Data to examine:
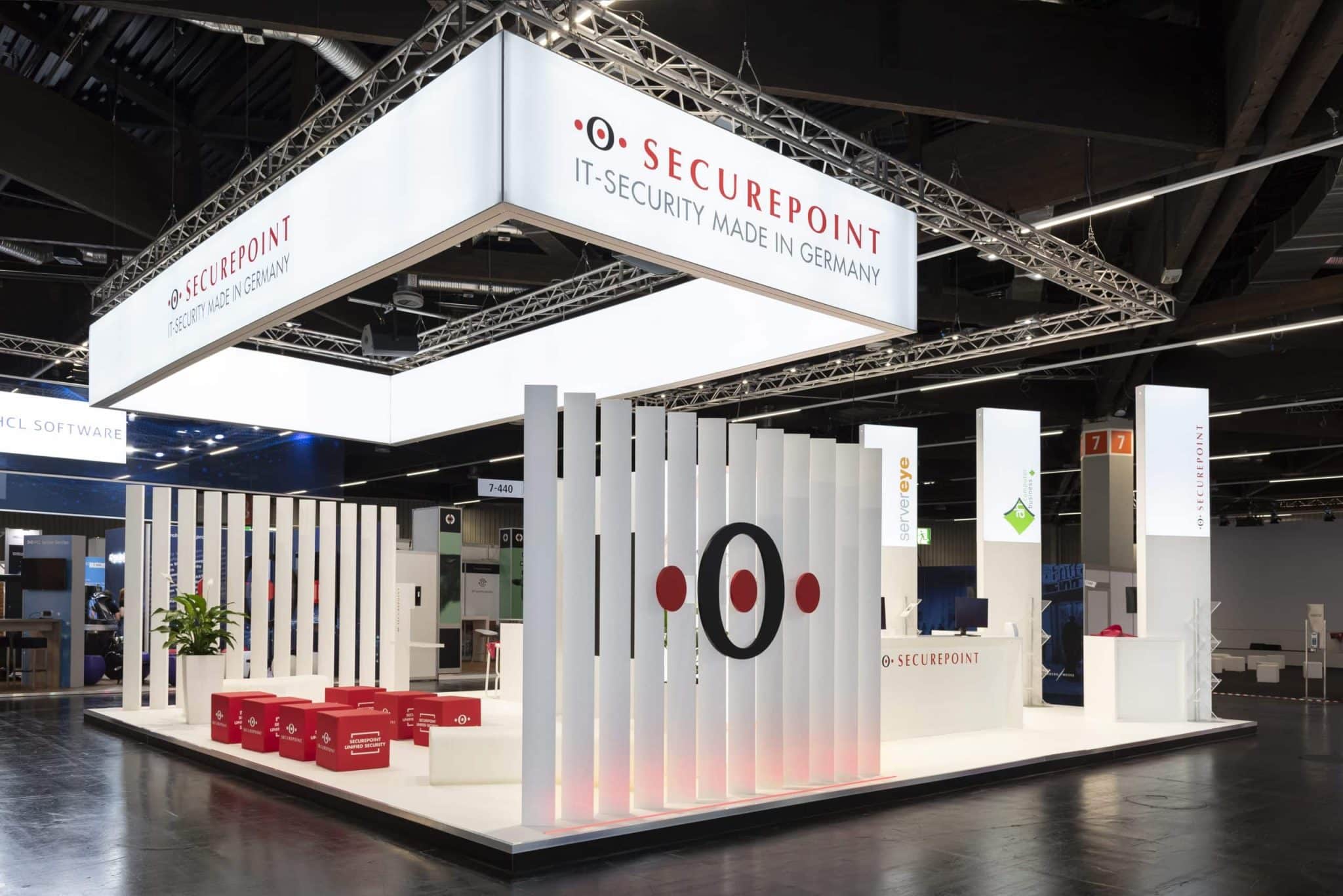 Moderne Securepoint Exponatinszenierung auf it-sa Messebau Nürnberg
--
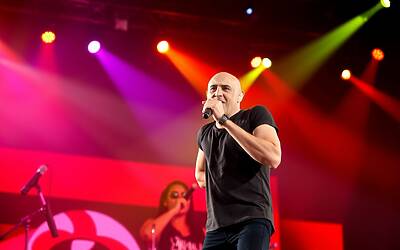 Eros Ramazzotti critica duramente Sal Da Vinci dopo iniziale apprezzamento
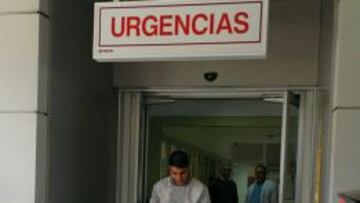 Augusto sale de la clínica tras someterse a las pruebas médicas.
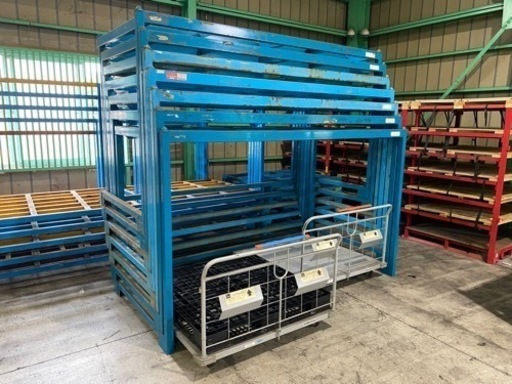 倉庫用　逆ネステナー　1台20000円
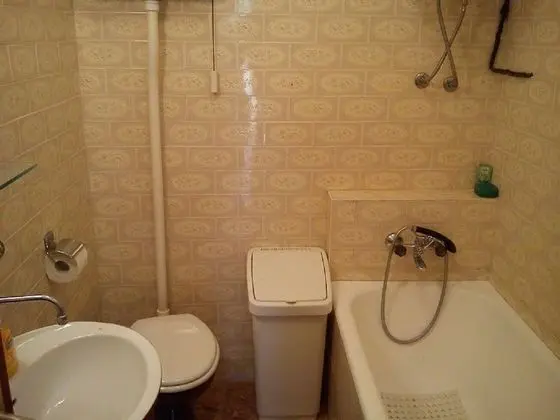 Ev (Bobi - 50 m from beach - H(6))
--
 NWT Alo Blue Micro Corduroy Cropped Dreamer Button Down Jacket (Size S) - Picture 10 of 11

Task description: Give back exactly the lines above that run from the one with "Eros Ramazzotti critica" to the one with "Ev (Bobi - 50 m from beach - H(6))", including both, with the pictures left out.

Written answer:
 Eros Ramazzotti critica duramente Sal Da Vinci dopo iniziale apprezzamento
 Augusto sale de la clínica tras someterse a las pruebas médicas.
 倉庫用　逆ネステナー　1台20000円
 Ev (Bobi - 50 m from beach - H(6))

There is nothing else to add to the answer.